**Task item:** Since the copy must hold text only, transcribe the data below exactly and omit the images.

**Source material:**
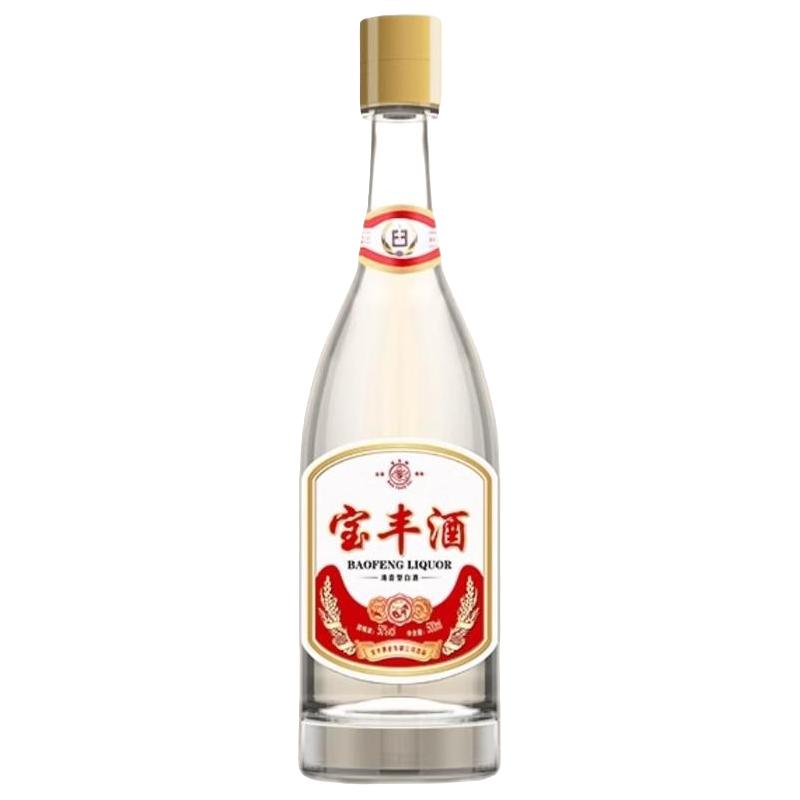  宝丰 纯粮固态发酵 清香型白酒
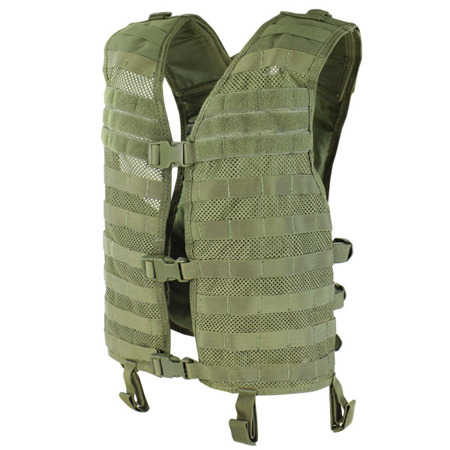 Condor - Mesh Hydration Vest - OD Grün - MHV-001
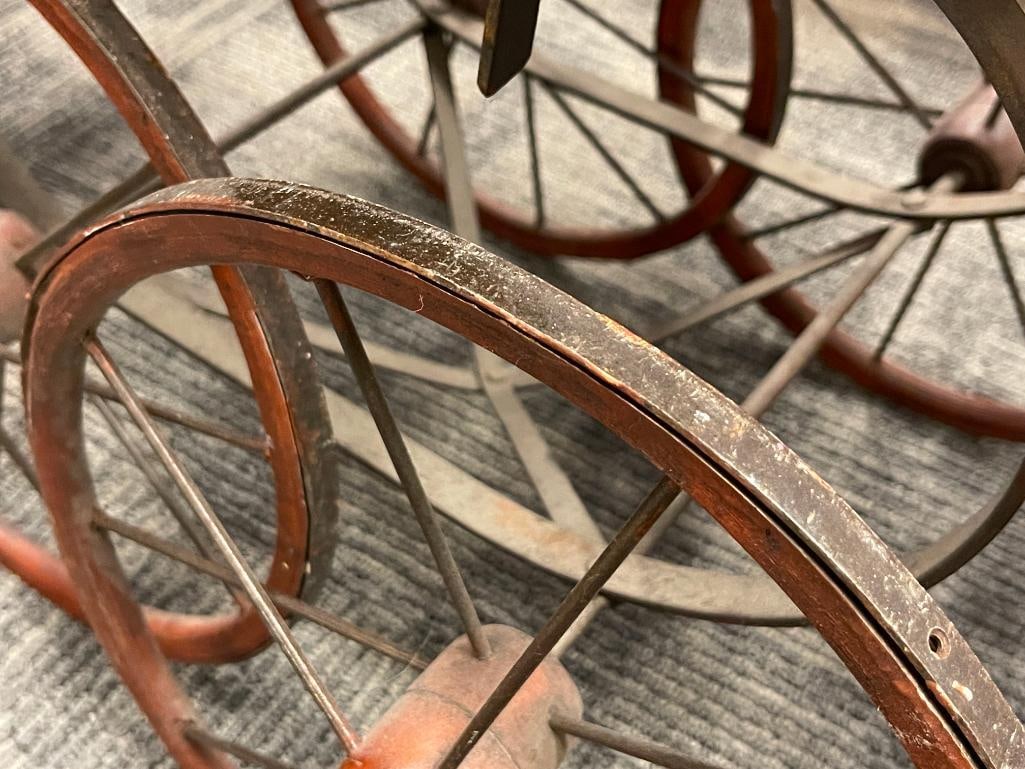 ANTIQUE STYLED DOLL CARRIAGE - 5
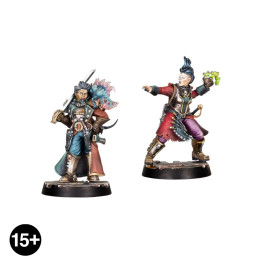 Gaen & Vunder Gorvos - NECROMUNDA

**Answer to this problem:**
  宝丰 纯粮固态发酵 清香型白酒
 Condor - Mesh Hydration Vest - OD Grün - MHV-001
 ANTIQUE STYLED DOLL CARRIAGE - 5
 Gaen & Vunder Gorvos - NECROMUNDA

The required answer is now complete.